Consider these guidelines when deploying models with Cloudera AI.

Model Code

Models in Cloudera AI are designed to run any code that is wrapped into a function. This means you can potentially deploy a model that returns the result of a SELECT * query on a very large table. However, Cloudera strongly recommends against using the models feature for such use cases.

As a best practice, your models should be returning simple JSON responses in near-real time speeds (within a fraction of a second). If you have a long-running operation that requires extensive computing and takes more than 15 seconds to complete, consider using batch jobs instead.

Model Artifacts

Once you start building larger models, make sure you are storing these model artifacts in HDFS, S3, or any other external storage. Do not use the project filesystem to store large output artifacts.

In general, any project files larger than 50 MB must be part of your project's .gitignore file so that they are not included in Engines for Experiments and Models for future experiments/model builds.

Resource Consumption and Scaling

Models should be treated as any other long-running applications that are continuously consuming memory and computing resources. If you are unsure about your resource requirements when you first deploy the model, start with a single replica, monitor its usage, and scale as needed.

If you notice that your models are getting stuck in various stages of the deployment process, check the guidelines on Monitoring Active Models to make sure that the cluster has sufficient resources to complete the deployment operation.

Security Considerations

As stated previously, models do not impose any limitations on the code they can run. Additionally, models run with the permissions of the user that creates the model (same as sessions and jobs). Therefore, be conscious of potential data leaks especially when querying underlying data sets to serve predictions.

Cloudera AI models are not public by default.
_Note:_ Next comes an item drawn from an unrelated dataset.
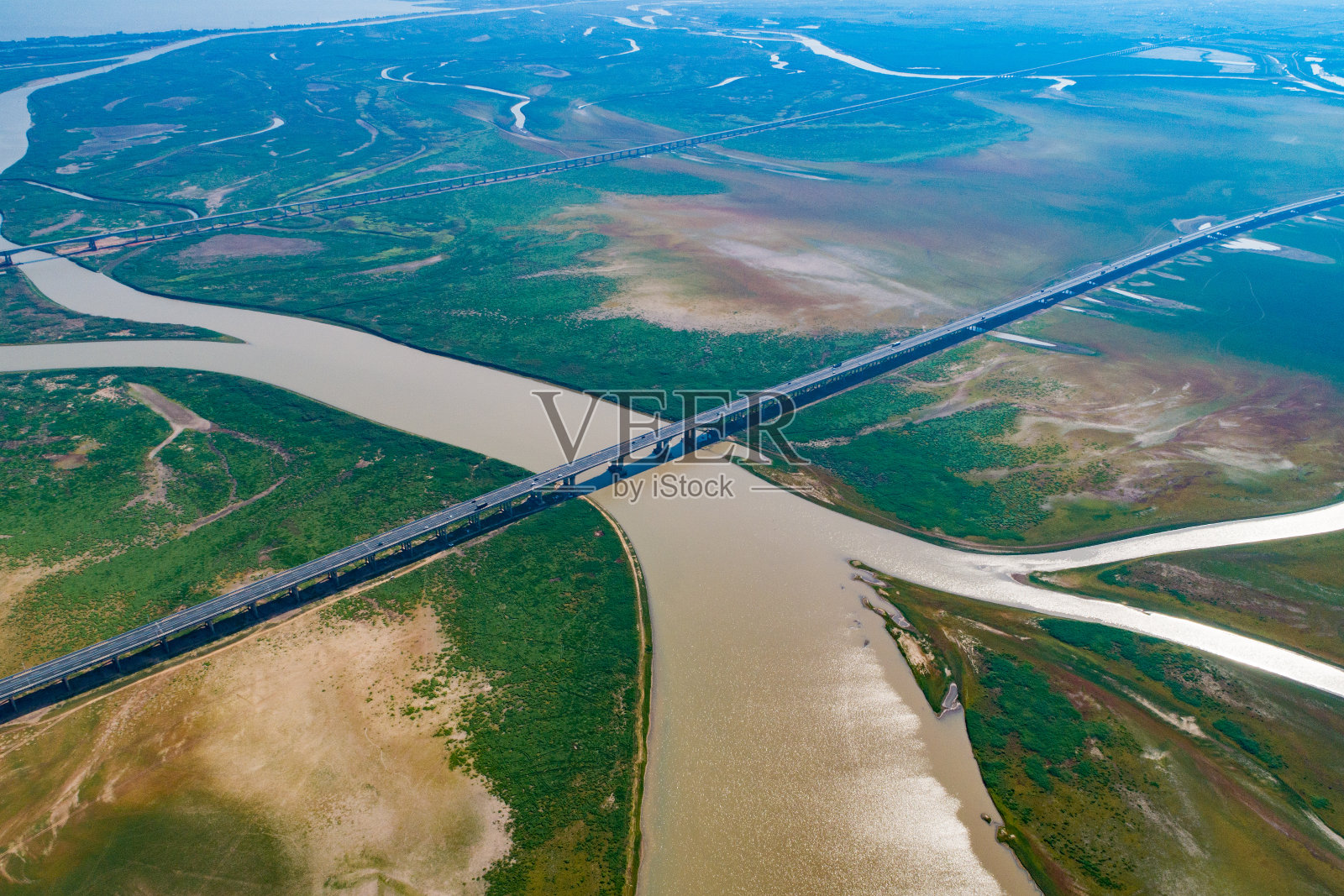 江西鄱阳湖的航拍照片照片摄影图片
Each model has an access key associated with it. Only users/applications who have this key can make calls to the model. Be careful with who has permission to view this key.

Cloudera AI also prints stderr/stdout logs from models to an output pane in the UI. Make sure you are not writing any sensitive information to these logs.

Deployment Considerations
Models deployed using Cloudera AI in the public cloud are highly available subject to the following limitations:
  • Model high availability is dependent on the high availability of the cloud provider's Kubernetes service. Please refer to your chosen cloud provider for precise SLAs.
  • Model high availability is dependent on the high availability of the cloud provider's load balancer service. Please refer to your chosen cloud provider for precise SLAs.
  • In the event that the Kubernetes pod running the model proxy service becomes unavailable, the Model may be unavailable for multiple seconds during failover.

There can only be one active deployment per model at any given time. This means you shall plan for model downtime if you want to deploy a new build of the model or re-deploy with more or fewer replicas.

Keep in mind that models that have been developed and trained using Cloudera AI are essentially Python or R code that can easily be persisted and exported to external environments using popular serialization formats such as Pickle, PMML, ONNX, and so on.